Validation with a complementary bcl2fastq and starcode workflow
Demultiplexed FASTQ files for the orthogonal validation were generated using the sample sheet and bcl2fastq --no-lane-splitting --sample-sheet SampleSheet.csv. The default with bcl2fastq is error correction of 1 mismatch, so this step serves to error correct each index separately. The resultant demultiplexed FASTQ files corresponding to each sample were clustered using starcode -d2 -t1 --sphere. Sequence centroids were assigned to genes by exact matching, and the count for each gene was given by the number of reads up to Levenshtein distance 2 away from the centroid. A sample by gene matrix was then constructed from the counts.
Generating of reads for testing LAMP-seq and TRB-seq
Reads were generated using the sample by genes matrix from the Plate 1, HEK293 lysate, N gene, Twist RNA SwabSeq experiment. This matrix consisted of 96 samples and 3 targeted genes. We obtained a list of 1000 sample indices from LAMP-Seq and 19,200 sample indices from TRB-Seq as well as their associated primer sets, N1, N2, and RPP30 for TRB-seq and B_B3 for LAMP-Seq. We generated a number of reads equal to the number of amplicon counts for each sample index and target gene pair, 12,062,027 reads in total. In addition, bases in each read were randomly mutated to another base with a probability of 0.005 to simulate Illumina sequencing errors. The read structure for TRB-seq is paired end reads with read 1 corresponding to a 15 basepair sample index and a 22 basepair constant region, and read 2 corresponding to the target gene. The read structure for LAMP-seq is single end reads where the first 20 basepairs correspond to the targeted gene, the next 22 basepairs correspond to the first forward inner primer, the subsequent 10 basepairs correspond to the sample index, and the last 19 basepairs correspond to the second forward inner primer.
LAMP-seq and TRB-seq
Reads from each assay were processed with kallisto bus -x LAMPSeq and kallisto bus -x TRBSeq to generate a BUS file. The BUS file was sorted with bustools sort, the sample indices were corrected to Hamming distance 1 with bustools correct and the BUS file was sorted once more to sum duplicate records. The BUS file in text form was processed to generate the technology comparisons.
covE-seq
We downloaded data in the form of FASTQ reads for the S5 protocol12, and processed the reads with kallisto bus -x covEseq. The processing time for all 2,437,573 reads was determined with the time command line utility.

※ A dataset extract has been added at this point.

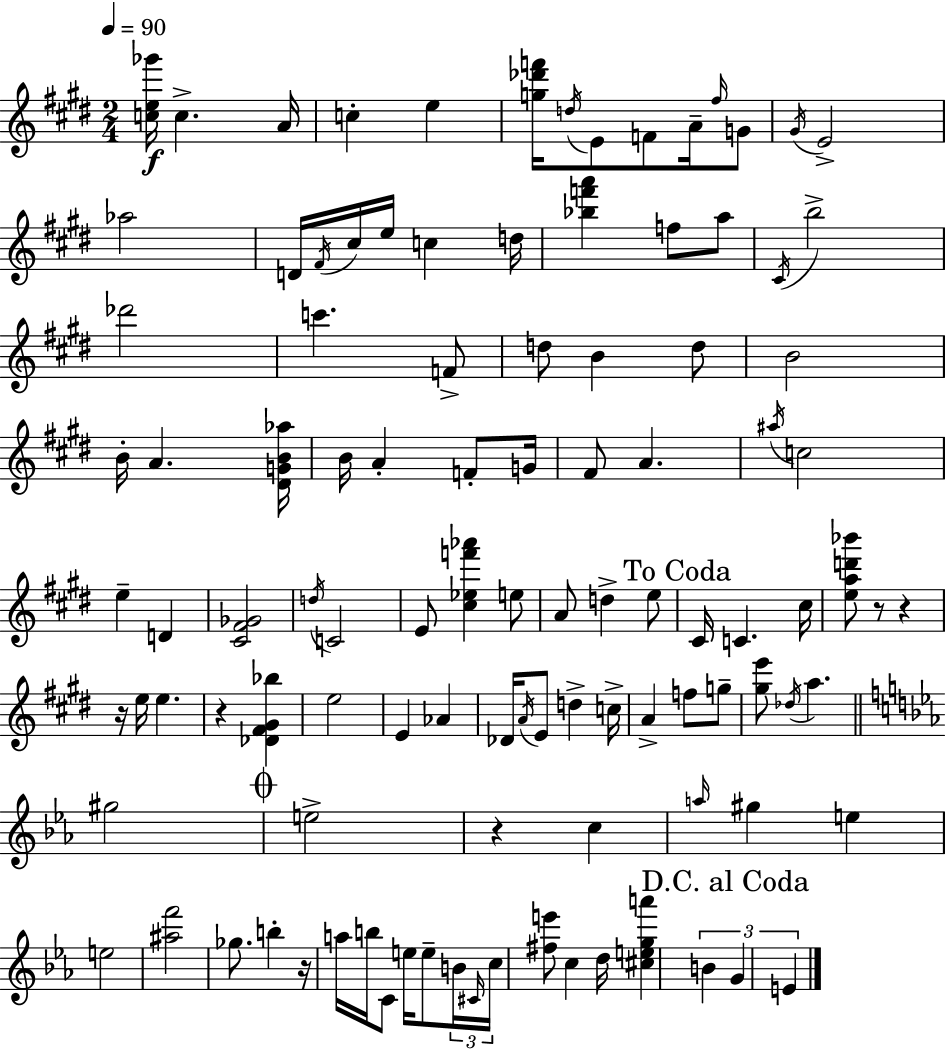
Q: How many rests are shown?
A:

Data, protocol, and software availability
All the data, code and methods used to generate the results in this manuscript are open source freely available. All code to reproduce every figure and analysis for this manuscript is located here: https://github.com/pachterlab/BLCSBGLKP_2020. Each notebook can be run directly on Google Colab by pressing “Open in Colab” → “Runtime” → “Run all”. The links to all FASTQ files can be found in Supplementary Table 1.
The SwabSeq protocol is described at https://www.notion.so/Octant-SwabSeq-Testing-9eb80e793d7e46348038aa80a5a901fd.
Software programs used are listed in Supplementary Table 2.
Acknowledgments
We thank Páll Melsted for assistance with bustools.